The most overlooked character on the show, according to the show’s creator
In a conversation with the Archive of American Television, Andy Griffith opened up about series creator Sheldon Leonard’s opinion that the show had been misnamed. Leonard realized the real star of the show wasn’t Andy Griffith; it was Mayberry. Years later, Griffith agreed.
“Sheldon actually said one time, ‘I think we misnamed this show. It should’ve been called Mayberry to start with,’ Griffith told the Archive.

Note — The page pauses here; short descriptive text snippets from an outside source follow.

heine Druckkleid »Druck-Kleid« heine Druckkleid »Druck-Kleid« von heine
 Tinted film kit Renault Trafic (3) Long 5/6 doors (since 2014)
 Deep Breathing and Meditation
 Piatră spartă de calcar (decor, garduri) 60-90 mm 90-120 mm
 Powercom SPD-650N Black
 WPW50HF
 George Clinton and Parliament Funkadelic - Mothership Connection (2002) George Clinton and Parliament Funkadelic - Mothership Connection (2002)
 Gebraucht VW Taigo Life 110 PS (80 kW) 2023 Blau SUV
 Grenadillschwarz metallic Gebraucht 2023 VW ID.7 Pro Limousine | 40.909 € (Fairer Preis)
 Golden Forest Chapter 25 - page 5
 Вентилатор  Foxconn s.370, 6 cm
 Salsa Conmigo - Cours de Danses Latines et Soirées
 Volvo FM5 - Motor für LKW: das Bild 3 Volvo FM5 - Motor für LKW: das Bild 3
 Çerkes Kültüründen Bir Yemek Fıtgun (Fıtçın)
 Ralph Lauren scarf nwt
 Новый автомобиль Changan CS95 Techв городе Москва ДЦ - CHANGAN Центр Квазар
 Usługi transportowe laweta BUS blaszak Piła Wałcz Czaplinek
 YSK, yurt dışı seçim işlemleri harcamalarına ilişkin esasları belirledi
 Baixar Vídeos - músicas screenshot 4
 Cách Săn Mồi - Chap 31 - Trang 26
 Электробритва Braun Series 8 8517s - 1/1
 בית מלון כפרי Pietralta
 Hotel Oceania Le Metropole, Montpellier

Kelly in his book opined, “The real hero of The Andy Griffith Show is the town of Mayberry, presided over by the sheriff without a gun, Andy Taylor. It is a small world, one that, ironically, is more colorful on simple black-and-white television sets. It is filled with wonderful characters we can all understand and care about. It is nostalgic and funny, and most important, it is timeless.”
The second most overlooked character, according to one writer
Aside from the fictional town of Mayberry being an invisible figure of stability, another character that’s frequently overlooked, according to show writer Harvey Bullock, was Aunt Bee actor Frances Bavier.
“Andy was strong as the father figure, Opie was an open winning delight, and Barney Fife was a comedic treasure,” Bullock said. “Yet Frances, with none of these obvious strengths to work with, turned in a consistent solid background that enabled the other characters to work as well as they did.
“Her artistry lay in the fact that her contribution was so natural you never thought to examine it. That is talent.”